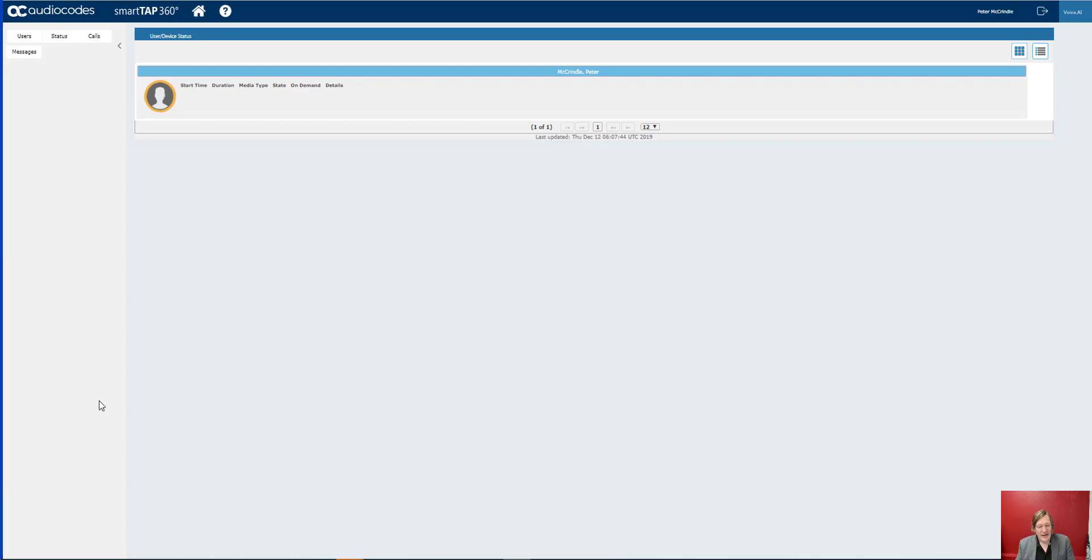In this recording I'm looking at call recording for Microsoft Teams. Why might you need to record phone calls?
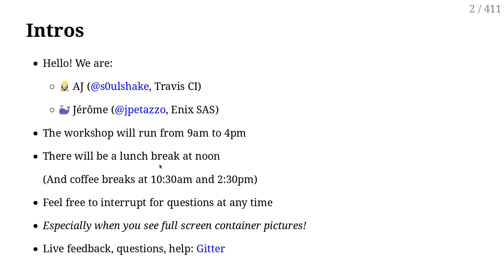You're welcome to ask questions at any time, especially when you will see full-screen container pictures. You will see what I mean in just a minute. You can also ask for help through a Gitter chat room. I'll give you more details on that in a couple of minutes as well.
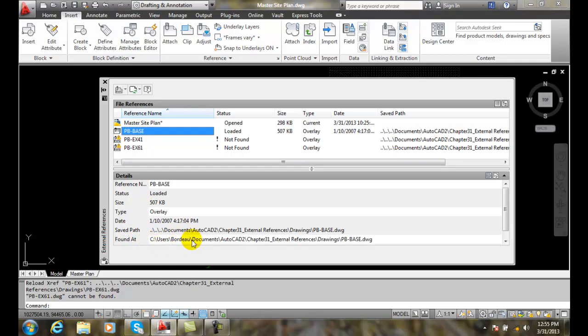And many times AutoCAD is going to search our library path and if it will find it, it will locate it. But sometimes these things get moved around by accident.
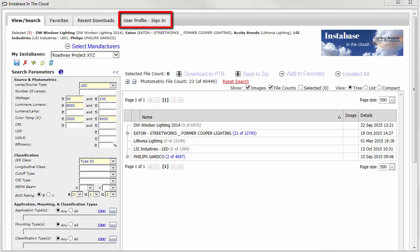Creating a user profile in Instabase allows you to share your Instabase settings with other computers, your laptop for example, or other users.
..............................
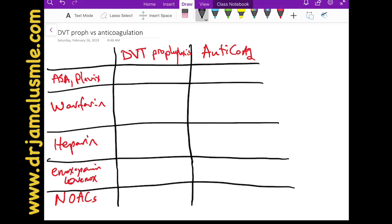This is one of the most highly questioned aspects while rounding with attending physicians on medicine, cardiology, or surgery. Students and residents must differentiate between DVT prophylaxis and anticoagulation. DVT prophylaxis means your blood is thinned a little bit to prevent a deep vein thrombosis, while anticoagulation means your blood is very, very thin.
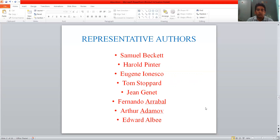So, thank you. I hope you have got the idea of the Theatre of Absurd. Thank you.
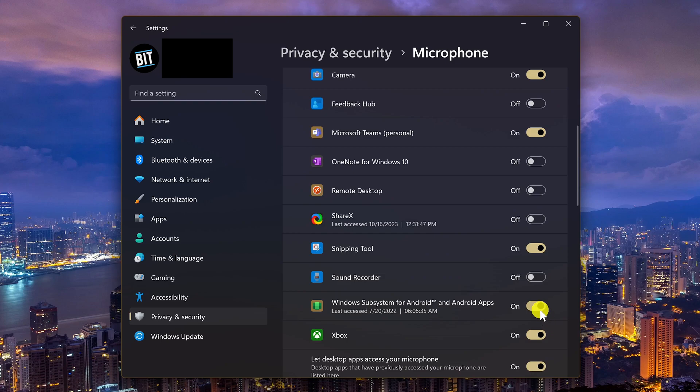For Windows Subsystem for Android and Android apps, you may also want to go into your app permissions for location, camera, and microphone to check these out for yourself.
..............................
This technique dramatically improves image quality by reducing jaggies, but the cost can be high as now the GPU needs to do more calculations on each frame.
..............................
Each line between the one holding "This is one" and the one holding "For Windows Subsystem", inclusive, should be copied exactly as it appears above, and pictures should be omitted.

This is one of the most highly questioned aspects while rounding with attending physicians on medicine, cardiology, or surgery. Students and residents must differentiate between DVT prophylaxis and anticoagulation. DVT prophylaxis means your blood is thinned a little bit to prevent a deep vein thrombosis, while anticoagulation means your blood is very, very thin.
So, thank you. I hope you have got the idea of the Theatre of Absurd. Thank you.
For Windows Subsystem for Android and Android apps, you may also want to go into your app permissions for location, camera, and microphone to check these out for yourself.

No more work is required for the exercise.